The most simple answer is also the most demanding: yes, of course it should. A wrestler as a character is nothing if not this patchwork of history, a long line of small changes, each trainer and feud and audience molding them into the shape that you see them in today. Even if every change hasn’t been intended or carefully crafted, planned out in advance, the change definitely happens, whether it’s adopting a new move or a gesture, finding some way to finally catch the attention of the audience, win them over or make them angry. This process is the glue that ties together the career of a wrestler, whether it’s in the same local venues year after year, or whether it starts in bingo halls and ends in stadiums.

On the other hand, wrestlers can also be seen as characters whose entire purpose is to stay the same. Feuds come and go, promotions rise and fall, and even audiences don’t stay the same. A wrestler has to rely on their character not changing dramatically in order to be recognized from one town to the next. What works ultimately has to get repeated so that people can go home happy, knowing they’ve seen their favorite wrestlers do their favorite moves, say their favorite catch phrases. Feuds can be recycled like love stories on a soap opera — a wrestler wins over his nemesis, but the rivalry is not definitively over, it’s just on pause. This is the bread and butter of wrestling.

So perhaps the question is not so much whether a wrestler ought to change, but how they ought to be changed by a match.

My favorite storyline of recent memory is, without a doubt, the feud between Will Ospreay and Jimmy Havoc in PROGRESS. Not only is it a staggeringly long storyline, but one that has incredibly consistent character progression and changes that make, for the most part, sound logical sense. Depending on your definition, it’s roughly a five year story that continued through nearly the entire lifetime of the promotion itself.
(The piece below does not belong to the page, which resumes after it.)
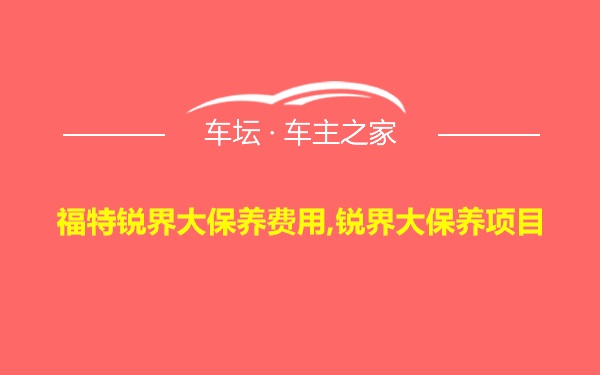 福特锐界大保养费用,锐界大保养项目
It ended earlier this year, in an incredibly satisfying conclusion. It’s a luxury to have such a lengthy story, but maybe it’s an even greater luxury to have it end in a way that feels decisive and intended; no abrupt stop-starts, hiccups or fade-to-blacks.

The tale begins and ends with Havoc, and his journey within PROGRESS. The promotion itself acts as a third character in the tale; what PROGRESS represents to the wrestlers, to the fans, is the background to the feud. PROGRESS started out a small, wrestling upstart, just hoping to put on their first show and have it lead to a second show. They didn’t book Jimmy Havoc, more known for his deathmatch resume than the kind of technical, strong style or high-flying wrestling PROGRESS were hoping to present. But Havoc’s popularity among fans preceded him — there was a social media campaign and a series of videos where Havoc tried to get himself booked for this brand new but already hot promotion.

The campaign was a success, and Havoc appeared on a PROGRESS show, attempting to show he is more than just a deathmatch guy — he’s a wrestler who can do the technical style, having come up alongside best friend Zack Sabre Jr, best known for utilizing such wrestling today. The match was set up against his trainer Danny Garnell — the stipulation? No blood. Most fans could see what happens a mile away. There was blood, the match stipulation got altered into no holds barred. Jimmy was back in his element, the very element he was trying so hard to get away from. Yet, he didn’t succeed. His first match in the promotion, that he was really hoping to impress in, was a loss.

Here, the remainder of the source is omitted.